A breakdown of the Miami Dolphins' 2019 free-agent signings.
Ryan Fitzpatrick, quarterback
The Dolphins agreed to terms with Fitzpatrick on a two-year contract Sunday, a source told ESPN's Cameron Wolfe. The deal will be $11 million with the potential to make up to $20 million with incentives, a source told ESPN's Adam Schefter. Here's a closer look at the quarterback who spent the previous two seasons with the Tampa Bay Buccaneers:
What it means: The Dolphins finally have a starting quarterback in Fitzpatrick after trading away Ryan Tannehill, on Friday. Miami is adding a 14-year veteran with a gunslinger mentality who will ensure they at least compete in 2019, even if it ultimately doesn't end up resulting in many wins. Fitzpatrick is often hot-and-cold on the field, but his intelligence and strong locker-room presence should be an asset for the rebuilding Dolphins under new head coach Brian Flores. Miami will still look to draft a quarterback in 2019 or 2020, but Fitzpatrick will function as a capable stopgap.
What's the risk: This will be Fitzpatrick's eighth NFL team, and there's certainly a reason for that. He will give the Dolphins some fireworks, but his lack of consistency and propensity for throwing interceptions will certainly be a frustration throughout the 2019 season. Fitzpatrick is a candidate to lead the NFL in interceptions if he starts an entire season. He's also uber-competitive, so it's unclear how eager he'll be to mentor a rookie quarterback, and he might help the Dolphins win enough to keep them out of position to draft a top quarterback in 2020 if they don't land one in 2019.
DeVante Parker, wide receiver
The Dolphins have signed Parker to a two-year deal. Parker's deal, which carries no guaranteed money after the first season, will be worth up to $13 million if he hits every incentive, but his base salaries will be lower than that. Here's a closer look at the receiver who spent the previous four seasons with the Dolphins:
What it means: Miami can't quit Parker, 26, and his tantalizing potential just yet. We saw what still excites general manager Chris Grier about Parker in the team's Oct. 25 game at Houston where the young receiver had a season-high 134 receiving yards on six catches. He had only 175 receiving yards combined in his other 10 games. The Dolphins still see enough in Parker to bring him back -- at a lower salary -- and see if he could be prove himself as a worthy piece in the team's rebuild under a new regime.

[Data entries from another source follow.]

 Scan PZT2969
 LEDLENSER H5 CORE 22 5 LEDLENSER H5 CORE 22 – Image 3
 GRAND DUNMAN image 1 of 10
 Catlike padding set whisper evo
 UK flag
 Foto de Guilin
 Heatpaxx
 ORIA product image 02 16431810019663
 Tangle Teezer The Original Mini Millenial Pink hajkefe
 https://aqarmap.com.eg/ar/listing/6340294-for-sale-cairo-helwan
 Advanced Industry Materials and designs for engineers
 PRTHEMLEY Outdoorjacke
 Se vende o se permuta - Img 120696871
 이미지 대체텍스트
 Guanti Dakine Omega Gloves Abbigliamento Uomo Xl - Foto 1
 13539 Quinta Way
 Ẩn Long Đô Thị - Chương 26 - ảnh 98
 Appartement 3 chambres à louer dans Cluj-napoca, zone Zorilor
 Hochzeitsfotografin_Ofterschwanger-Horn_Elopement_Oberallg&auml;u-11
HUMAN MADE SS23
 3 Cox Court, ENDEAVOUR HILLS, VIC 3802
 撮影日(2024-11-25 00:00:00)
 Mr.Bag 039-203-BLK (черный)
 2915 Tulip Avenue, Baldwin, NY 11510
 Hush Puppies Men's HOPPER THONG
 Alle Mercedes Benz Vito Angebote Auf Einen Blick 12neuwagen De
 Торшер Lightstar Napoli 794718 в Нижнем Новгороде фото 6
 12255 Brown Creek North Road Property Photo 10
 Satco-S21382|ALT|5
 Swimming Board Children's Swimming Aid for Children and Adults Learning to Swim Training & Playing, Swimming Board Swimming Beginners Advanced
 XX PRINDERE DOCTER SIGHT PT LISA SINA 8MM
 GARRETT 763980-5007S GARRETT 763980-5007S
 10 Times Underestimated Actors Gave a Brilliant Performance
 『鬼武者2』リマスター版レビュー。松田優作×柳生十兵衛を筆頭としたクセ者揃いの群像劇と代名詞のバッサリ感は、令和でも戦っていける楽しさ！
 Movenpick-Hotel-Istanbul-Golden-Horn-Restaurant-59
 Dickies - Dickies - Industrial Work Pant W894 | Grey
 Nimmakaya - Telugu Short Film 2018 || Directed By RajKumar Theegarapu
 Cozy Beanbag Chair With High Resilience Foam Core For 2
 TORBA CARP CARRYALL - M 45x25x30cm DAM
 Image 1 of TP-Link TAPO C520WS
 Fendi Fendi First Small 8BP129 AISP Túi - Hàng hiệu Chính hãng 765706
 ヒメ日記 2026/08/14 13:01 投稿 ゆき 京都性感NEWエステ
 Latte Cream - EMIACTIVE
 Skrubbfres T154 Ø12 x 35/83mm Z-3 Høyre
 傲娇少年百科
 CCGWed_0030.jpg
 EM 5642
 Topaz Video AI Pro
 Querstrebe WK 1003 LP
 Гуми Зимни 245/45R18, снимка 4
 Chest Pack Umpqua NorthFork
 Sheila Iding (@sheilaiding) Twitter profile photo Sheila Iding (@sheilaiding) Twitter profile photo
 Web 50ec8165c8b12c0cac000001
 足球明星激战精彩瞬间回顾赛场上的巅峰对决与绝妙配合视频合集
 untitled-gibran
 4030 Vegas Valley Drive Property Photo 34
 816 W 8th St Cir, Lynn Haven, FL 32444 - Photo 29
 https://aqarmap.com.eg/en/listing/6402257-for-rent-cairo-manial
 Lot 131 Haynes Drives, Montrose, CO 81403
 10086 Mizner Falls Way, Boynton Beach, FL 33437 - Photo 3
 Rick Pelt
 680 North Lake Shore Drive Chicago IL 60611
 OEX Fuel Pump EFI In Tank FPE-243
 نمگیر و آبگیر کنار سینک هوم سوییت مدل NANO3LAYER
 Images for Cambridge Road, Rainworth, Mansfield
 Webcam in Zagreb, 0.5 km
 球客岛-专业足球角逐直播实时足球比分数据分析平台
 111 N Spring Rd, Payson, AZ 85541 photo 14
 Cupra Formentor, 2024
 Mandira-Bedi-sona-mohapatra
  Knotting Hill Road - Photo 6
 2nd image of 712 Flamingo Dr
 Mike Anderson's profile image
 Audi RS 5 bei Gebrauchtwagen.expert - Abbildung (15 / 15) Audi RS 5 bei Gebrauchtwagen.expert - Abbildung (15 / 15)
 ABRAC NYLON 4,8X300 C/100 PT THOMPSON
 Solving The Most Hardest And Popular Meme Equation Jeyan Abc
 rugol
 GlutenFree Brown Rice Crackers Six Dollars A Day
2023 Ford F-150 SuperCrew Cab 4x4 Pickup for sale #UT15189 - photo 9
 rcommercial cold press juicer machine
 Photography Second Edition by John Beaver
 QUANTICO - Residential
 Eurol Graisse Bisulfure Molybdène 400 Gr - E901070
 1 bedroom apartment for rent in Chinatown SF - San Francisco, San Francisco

What's the risk: Parker hasn't played 16 games in his four-year NFL career so far. Parker's nagging injuries have also cost him valuable practice time. It was a rocky 2018 season for the Parker-Dolphins relationship, and although there is a new staff, some trust will need to be rebuilt. Like Tannehill, Miami runs the risk of waiting too long for a player to become something he might not ever be.
Eric Rowe, cornerback
The Dolphins have agreed to a one-year deal with Rowe, a source told ESPN's Cameron Wolfe. Rowe's deal will cost up to $4.5 million including play-time incentives, but just $500,000 is guaranteed in the form of a signing bonus. His base salary will be $1.375 million. Here's a closer look at the cornerback who spent the previous three seasons with the New England Patriots:
What it means: The Patriots just keep coming to Miami as Flores tries to build a culture with the Dolphins. Miami has been searching for an outside cornerback to start opposite Xavien Howard for two years now, and Rowe provides an experienced option who could end up being the front-runner for this role. Rowe's contract only has $500,000 in guaranteed money, so a roster spot isn't a given, but if he stays healthy, he could allow Minkah Fitzpatrick (safety) and Bobby McCain (slot cornerback) to move back to their natural roles.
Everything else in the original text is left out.